Darla Ridilla (29:03.456)
Mm-hmm.

Lady V (29:20.43)
which means I couldn't tell nobody else how to love me properly because I didn't know how to love me. I didn't know what I want, who I was. I didn't know what I required until I started rebuilding, which means that now I am learning me. I am learning who I am, what I like, what I don't like, what I want in my life, how I want it, where I wanna be.

I started answering these hard questions that a lot of times we don't answer you know sometimes. Because I like to. get it right, so I have a workbook. And it's called awake of the rebel within. And in this workbook and of course you see release rebuild rebrand your voice because that's what we're doing we're releasing where we build every rebranding our voice.

So in this workbook, at the very, very beginning, I have these questions, and it's about 40 questions here, 43 questions.

and

Lady V (30:36.12)
He said, so it's about 43 points. Yes, if not now when when when are we going to start when are you going to start deciding that this is my time to do the and I put it there. Because this is the first journey these questions and let me show you just how easy these questions are just to give you a couple of examples. One of the questions say.

Darla Ridilla (30:38.67)
Now when?

Lady V (31:05.843)
When do you plan on starting your new journey of freedom? Do you know how many people can answer that one simple question?

Another one. What do you like least about you and why?

Some people can't even answer that simple question. What's your favorite flower? Some people cannot answer that simple question. Why?

because they don't know them yet. They don't know that these things exist. And these are some of the questions that we have. We don't know how to answer these questions. Like, what is your dream job and why? Simple, what's your credit score?

Darla Ridilla (31:38.712)
Mm-hmm.

Lady V (32:01.278)
We don't, what's your vacation?

What is the vacation spot that you've always dreamed of?

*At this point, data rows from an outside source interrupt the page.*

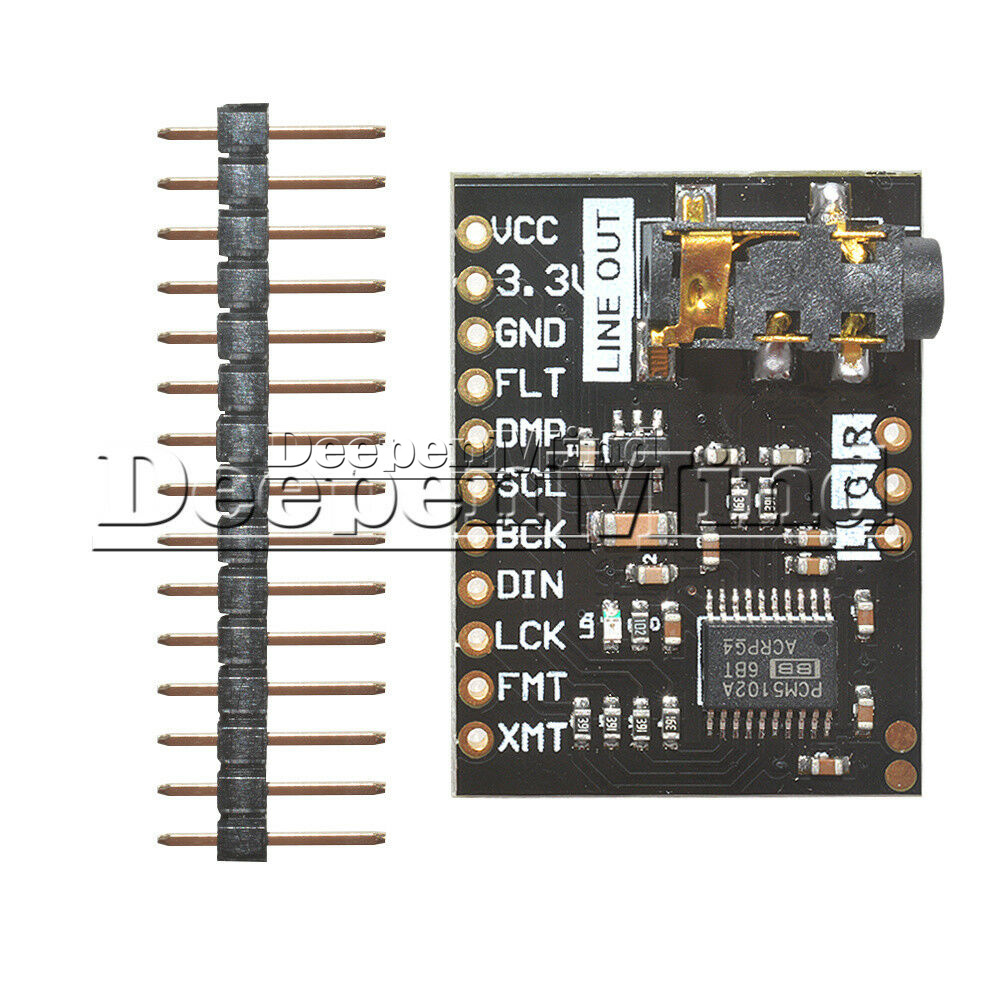 PCM5102 SA9227 TDA1308 PCM5102A DAC Decoder I2S Player 32bit Amplifier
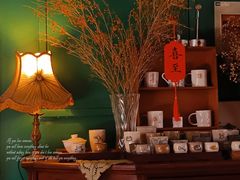 -花·fleur古董西餐厅(西城夜未央店)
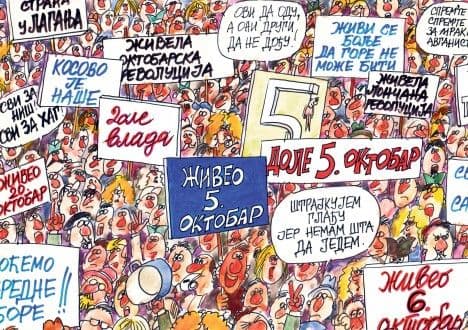 „Revolucija” koja je pojela svoju slavu „Revolucija” koja je pojela svoju slavu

I've had more people starting to take this course that can't get past these 43 questions at the beginning.

Lady V (32:22.346)
They, I've had people literally, they're almost done with the course and they still have not answered these 43 questions at the beginning. Because we don't know who we are.

Darla Ridilla (32:37.728)
Yeah, it's when you said that earlier, I was like, my god, that is that was the turning point for me a year and a half ago when I read Single On Purpose by John Kim and he talks about that very thing. You can't love yourself if you don't know who you are. You don't. No way.

Lady V (32:49.386)
Yes. Exactly.

So how are you gonna love somebody else?

Darla Ridilla (32:57.622)
Right. You can't.

Lady V (32:58.642)
When you don't know what love is, when you don't know how to love you, because it starts at home. This is home. All right, temple, this is our home. We think that having all this stuff around us and nice this and nice that and a beautiful this and a beautiful that and cars and this and that, this and that, that this makes us. But it's this.

Darla Ridilla (33:02.552)
Mm-hmm.

Lady V (33:26.16)
mind, body, soul, and spirit ain't together. It don't matter what you have. It don't matter how big it is. You still ain't happy, any?

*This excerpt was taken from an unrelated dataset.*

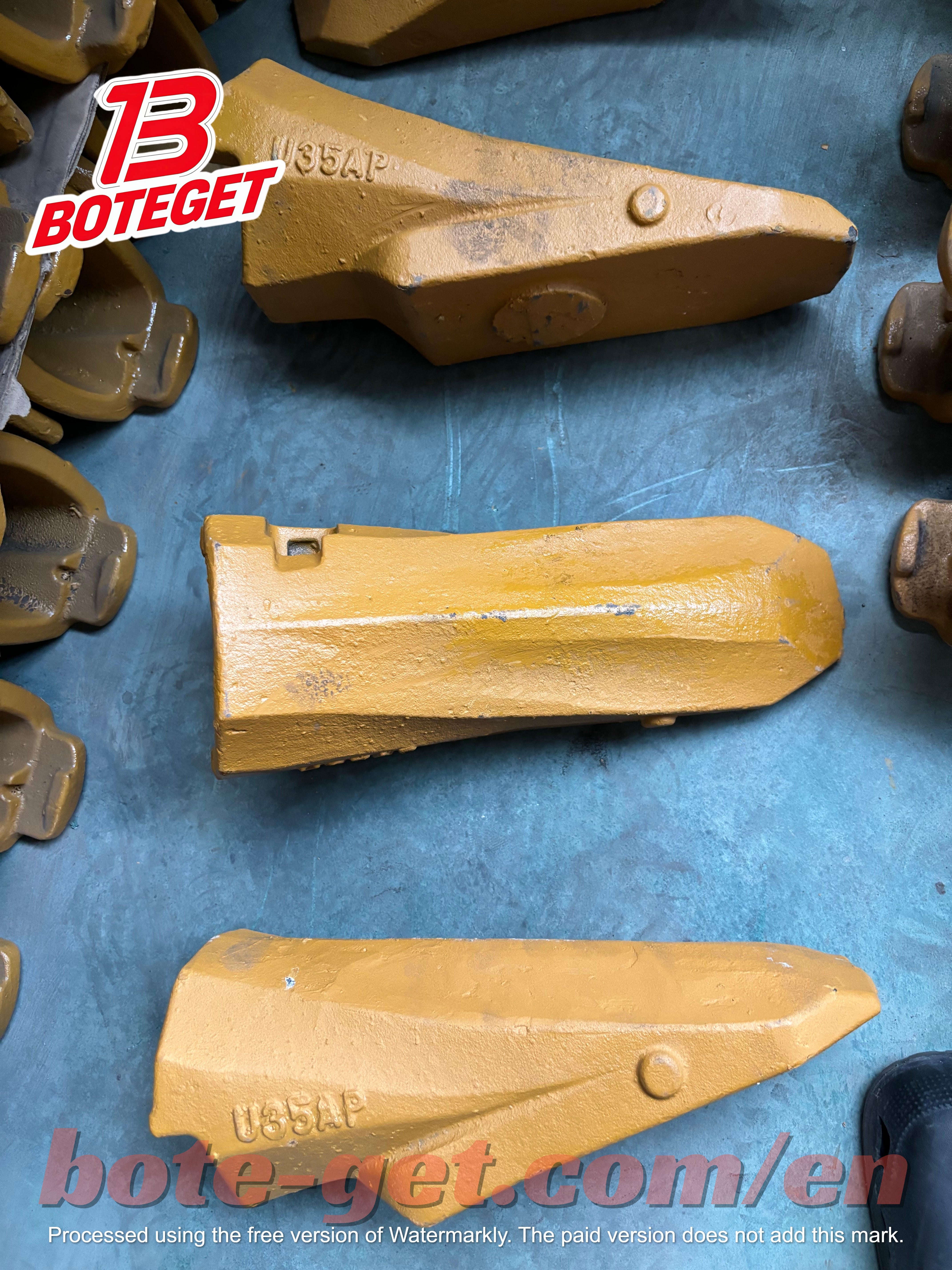 Esco Teeth U35C Ultralok U35Chisel POINT thumbnail 2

because it starts in our temple, which is us. We trying to take care of the kids and take care of the mates and the spouses and the this and the that and doing this and the that and the friends and the this and the that. And we forget about the one most important thing.

Darla Ridilla (33:58.127)
us.

Yep. And how can we give from an empty cup as women were givers just by nature. But what happens is we give so much of ourselves, we forget who we are, we don't even embody ourselves. And the very thing we long to do is we're actually enabling ourselves because when we don't invest in ourselves, we don't have anything to give anybody else.

Lady V (34:24.515)
Exactly, exactly. You know, and that's what I love about this workbook too, is that it has all of these things about being a people pleaser and breaking the corporate. It's about being enabling. It's, mean, it gives you so many things and so many tools in this workbook to actually make you really look and see who you are.

Darla Ridilla (34:35.309)
Mm-hmm.

Lady V (34:47.346)
It's asking you about your safety zones and, and you know, it's getting to know you on a more personal level. What do you love about you? What don't you love about you? What are the lies that you tell yourself? What are the truth you tell? And what, and then, you know, what do people see about you? It got something about breaking generational curses. Cause we don't understand all of these things play a big part in who we are today. And it's up to us to break those generational curses.

Darla Ridilla (34:56.653)
Mm-hmm.

Darla Ridilla (35:14.53)
Yes.

Lady V (35:16.785)
For me, I felt like it started with me. And so I do everything in my power so that my nieces and my nephews can see, because I don't have any kids of my own, but I got 143 of them and they still keep growing. think it keeps adding to the list, you know? And I love every last one of them. But I had to understand that it starts with me. I have to break the generational curse.

Darla Ridilla (35:32.408)
Right.

Lady V (35:44.367)
Because if I don't break it, it keeps going. If they don't see me doing it, then how will they stop it? How can somebody else stop it? They can't. Because remember, people are followers. We do what we see. That's how we grew up. We are an image of our parents.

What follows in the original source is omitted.